Word for word, restate the lines that run from the line containing "Bsc Preferred 10" to the last line of the records below.
:::
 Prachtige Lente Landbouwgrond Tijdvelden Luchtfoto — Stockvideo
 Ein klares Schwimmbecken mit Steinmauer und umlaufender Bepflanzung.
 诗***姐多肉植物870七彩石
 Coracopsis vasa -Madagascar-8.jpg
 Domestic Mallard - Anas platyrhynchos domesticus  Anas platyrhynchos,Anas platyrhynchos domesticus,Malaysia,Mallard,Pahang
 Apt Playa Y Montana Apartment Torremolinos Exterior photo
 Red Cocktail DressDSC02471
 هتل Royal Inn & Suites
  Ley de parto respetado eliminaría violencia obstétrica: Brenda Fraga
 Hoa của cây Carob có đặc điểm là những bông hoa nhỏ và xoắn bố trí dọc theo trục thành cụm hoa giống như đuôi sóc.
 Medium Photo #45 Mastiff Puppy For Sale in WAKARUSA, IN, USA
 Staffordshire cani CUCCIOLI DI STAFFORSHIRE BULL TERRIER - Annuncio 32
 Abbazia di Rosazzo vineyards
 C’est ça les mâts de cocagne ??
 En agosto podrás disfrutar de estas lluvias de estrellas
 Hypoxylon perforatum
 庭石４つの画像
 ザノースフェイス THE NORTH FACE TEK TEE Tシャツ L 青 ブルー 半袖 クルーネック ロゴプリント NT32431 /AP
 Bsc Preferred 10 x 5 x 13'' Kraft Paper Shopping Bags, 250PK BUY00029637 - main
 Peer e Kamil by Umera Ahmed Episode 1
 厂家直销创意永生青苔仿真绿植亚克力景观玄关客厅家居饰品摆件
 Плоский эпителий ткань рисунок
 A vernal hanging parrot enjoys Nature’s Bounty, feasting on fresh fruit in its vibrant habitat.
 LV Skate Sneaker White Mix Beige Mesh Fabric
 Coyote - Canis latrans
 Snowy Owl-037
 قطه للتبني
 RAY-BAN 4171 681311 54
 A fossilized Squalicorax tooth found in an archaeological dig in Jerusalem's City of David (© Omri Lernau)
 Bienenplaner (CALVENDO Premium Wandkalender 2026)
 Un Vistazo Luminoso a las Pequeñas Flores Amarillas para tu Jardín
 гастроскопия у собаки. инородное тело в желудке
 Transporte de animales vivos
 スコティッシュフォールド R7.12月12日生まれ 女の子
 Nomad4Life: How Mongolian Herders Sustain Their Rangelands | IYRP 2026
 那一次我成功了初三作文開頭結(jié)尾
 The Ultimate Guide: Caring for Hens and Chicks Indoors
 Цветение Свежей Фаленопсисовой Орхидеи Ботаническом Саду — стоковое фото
:::
Output for this task:
 Bsc Preferred 10 x 5 x 13'' Kraft Paper Shopping Bags, 250PK BUY00029637 - main
 Peer e Kamil by Umera Ahmed Episode 1
 厂家直销创意永生青苔仿真绿植亚克力景观玄关客厅家居饰品摆件
 Плоский эпителий ткань рисунок
 A vernal hanging parrot enjoys Nature’s Bounty, feasting on fresh fruit in its vibrant habitat.
 LV Skate Sneaker White Mix Beige Mesh Fabric
 Coyote - Canis latrans
 Snowy Owl-037
 قطه للتبني
 RAY-BAN 4171 681311 54
 A fossilized Squalicorax tooth found in an archaeological dig in Jerusalem's City of David (© Omri Lernau)
 Bienenplaner (CALVENDO Premium Wandkalender 2026)
 Un Vistazo Luminoso a las Pequeñas Flores Amarillas para tu Jardín
 гастроскопия у собаки. инородное тело в желудке
 Transporte de animales vivos
 スコティッシュフォールド R7.12月12日生まれ 女の子
 Nomad4Life: How Mongolian Herders Sustain Their Rangelands | IYRP 2026
 那一次我成功了初三作文開頭結(jié)尾
 The Ultimate Guide: Caring for Hens and Chicks Indoors
 Цветение Свежей Фаленопсисовой Орхидеи Ботаническом Саду — стоковое фото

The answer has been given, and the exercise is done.